Table XIII presents approximately the actual condition in regard to responsibilities assumed for the help or support of parents and others. Whether the following table, which will show the proportion of wages thus given, is equally reliable, is an open question. It is difficult to estimate at a moment's notice what one spends or gives for any one object. To determine with any degree of accuracy the amount one spends in a year for clothing is not always an easy thing to do. So the answers given must involve a large amount of involuntary misstatement. The following table, therefore, may be taken with allowances. It gives the result of many averages thus hastily struck by the domestics interviewed, and shows the number and percentage of colored servants who regularly give one-half, more than one-half or less than one-half their wages toward the support of those dependent on them.
TABLE XIII.
NUMBER AND PERCENTAGE OF COLORED DOMESTIC SERVANTS IN PHILADELPHIA HAVING PARENTS OR OTHERS DEPENDENT ON THEM.
(607 Cases.)
TABLE XIV.
NUMBER AND PERCENTAGE OF COLORED DOMESTIC SERVANTS OF PHILADELPHIA SUPPORTING OTHERS, BY SEX AND PROPORTION OF WAGES GIVEN.
Many who do help their parents and others report that they “can not estimate how much it takes.” Fifteen, however, who give no estimate as to proportion of wages given, say very plainly that it “takes all I make,” or, it “takes everything but eno’ to clothe me.” One married man of forty is supporting his “sister's little girl,” who, he says, is “like an adopted child to us. Her father and mother are living but they have three or four besides her to support.” This man earns thirty dollars a month, on which he supports his own family and his sister's little girl, and is also saving in the bank and has a one-dollar fee in a sick benefit society.
One young “waiter-man,” earning twenty-five dollars a month, is “making a home for his mother” and helping three sisters besides. But none of these cases appear in Table XIV, since none of them could give any kind of an estimate of the proportion of earnings given. That considerable was given in each of these cases, however, is obvious, and many similar instances might be cited. It is almost invariably true of bell boys and errand boys and girls that they take their entire earnings home to their parents to swell the general store.

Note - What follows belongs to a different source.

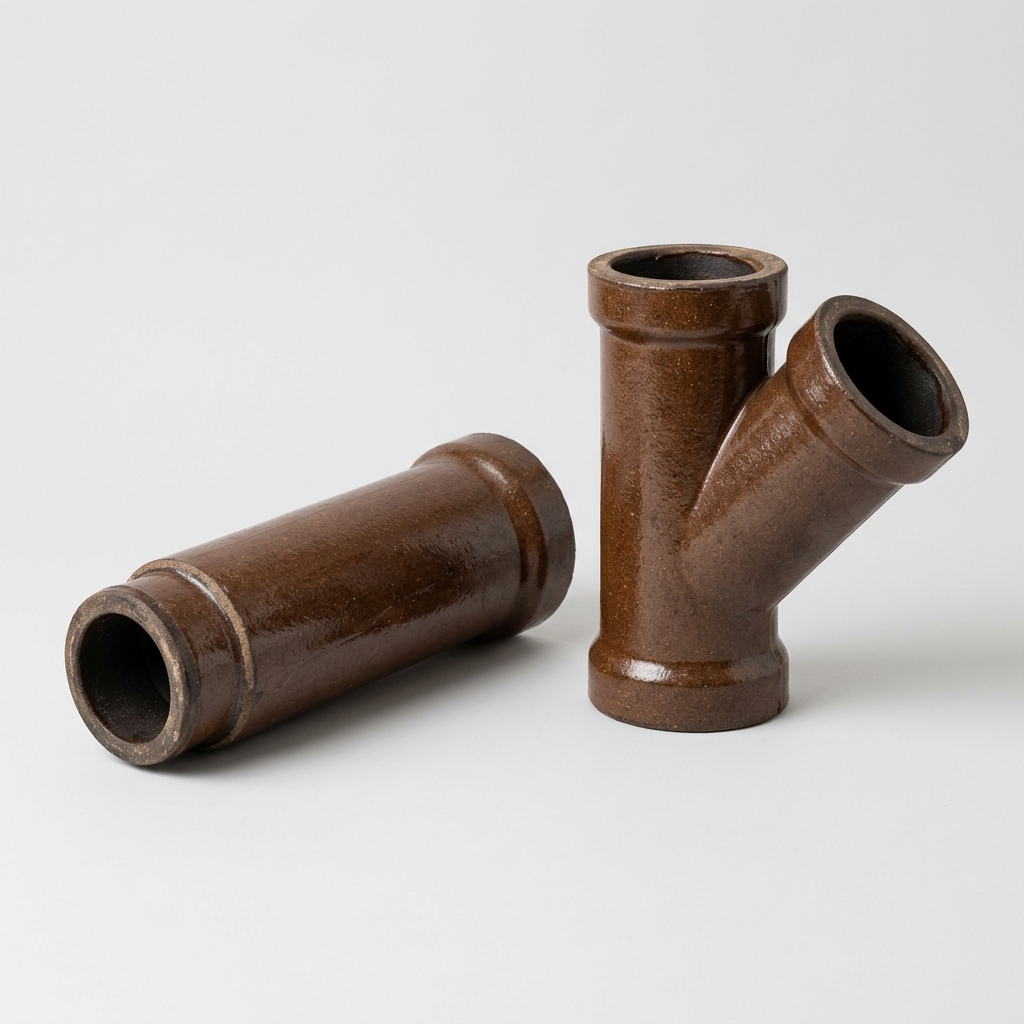 Vitrified Clay Pipe (VCP) — Straight and Fittings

One young bell boy said that he “took all he earned home to his mother except twenty-five cents he kept himself and she saved that for him.”

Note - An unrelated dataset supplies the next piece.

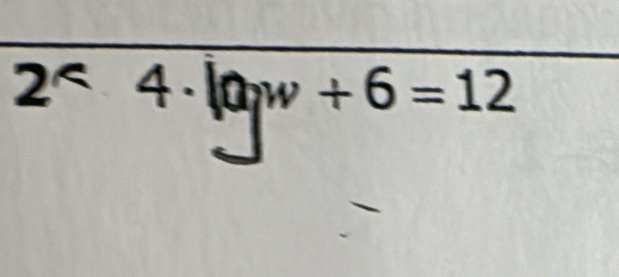 2 < 4 · aw + 6 = 12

Summary.—A large part of the earnings of the colored domestics of the ward are thus seen to go towards the support of parents and dependents. This generosity towards their own will be attested, it is believed, by everyone who has had any considerable knowledge of the colored people. When one remembers that the same thing is noticeably true of the Jews, the thought naturally occurs that it is perhaps an instinct of self-preservation, which reveals itself among oppressed races.
Again, that with a majority of Negroes, some part of their earnings are steadily “put by for a nest egg” —to use one of their own quaint expressions—will doubtless be similarly attested. There is of course much extravagance among Negroes. Much is doubtless spent for amusement, much certainly goes for finery. These outlays are comparatively large with some among the colored domestics of Philadelphia, although the facts which came to the knowledge of the investigator during these nine months in Philadelphia seemed to indicate that, speaking broadly, the colored domestics of that city are a thrifty class of people.